10th October 2014
West Texas Intermediate (WTI) crude oil futures have extended their slide into a bear market today (October 10th), tumbling further amid signs of a significant global surplus of the commodity.
Prices for both WTI and Brent crude have slumped as traders note evidence that shows demand growth is slowing at the same times as output from the US and Russia - the largest suppliers outside of the Organization of Petroleum Exporting Countries (OPEC) - are stepping up production levels.
OPEC members Saudi Arabia and Iran have started to discount their main crude export graded for Asian buyers by the most in almost six years, leading to speculation several member nations are beginning to compete for market share.
Speaking to Bloomberg, Nordea Markets analyst Thina Saltvedt said: "It's been a massive sell-off.
"There are no trigger points to drive prices up. The Asian market is flooded with oil. There are more and more signs that OPEC doesn’t co-operate well these days and it doesn’t look good if OPEC isn’t willing to tighten things up."
According to the Energy Information Administration, US oil output rose to 8.88 million barrels per day last week - the highest since March 1986. Crude inventories in the country, the world's largest oil consumer, increased by five million barrels to 361.7 million in the week.

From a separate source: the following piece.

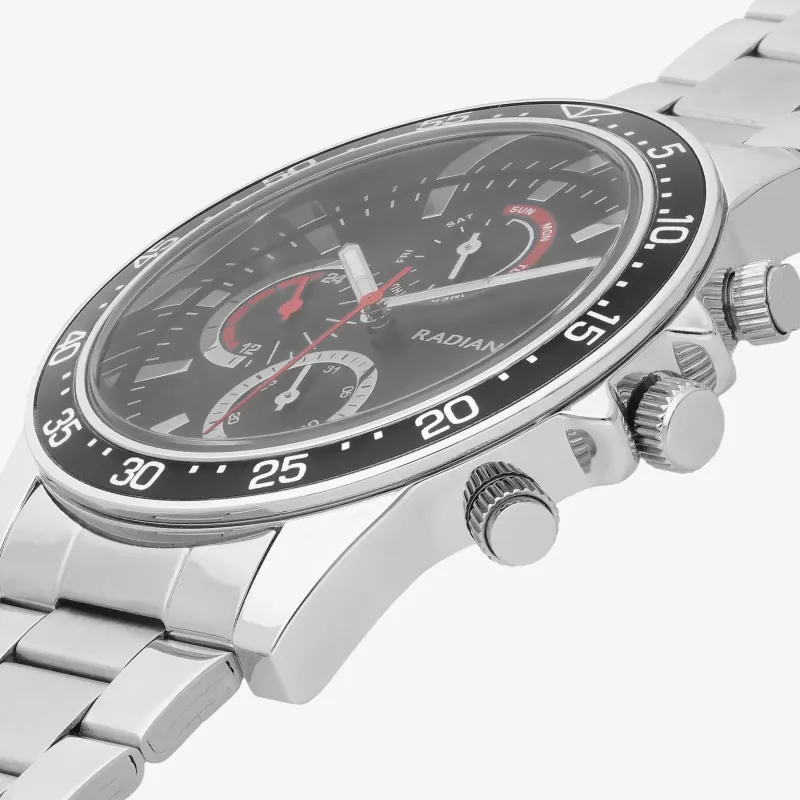 Reloj Hombre Daybreak Negro | Radiant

Preliminary data from the Energy Ministry in Moscow shows Russia stepped up its output by 0.7 per cent to 10.61 million barrels per day last month. This is just 0.3 per cent lower than the post-Soviet record set in January.
OPEC is responsible for around two-fifths of the world's oil supply and produced 30.935 million barrels per day in September. It is thought the 12-member group is preparing to cut either its output or formal production targets at its next meeting on November 27th.
Early in the European trading session, WTI for November delivery was down by 1.6 per cent at $84.42 per barrel. The contract closed at $85.77 yesterday, its lowest finish since December 2012.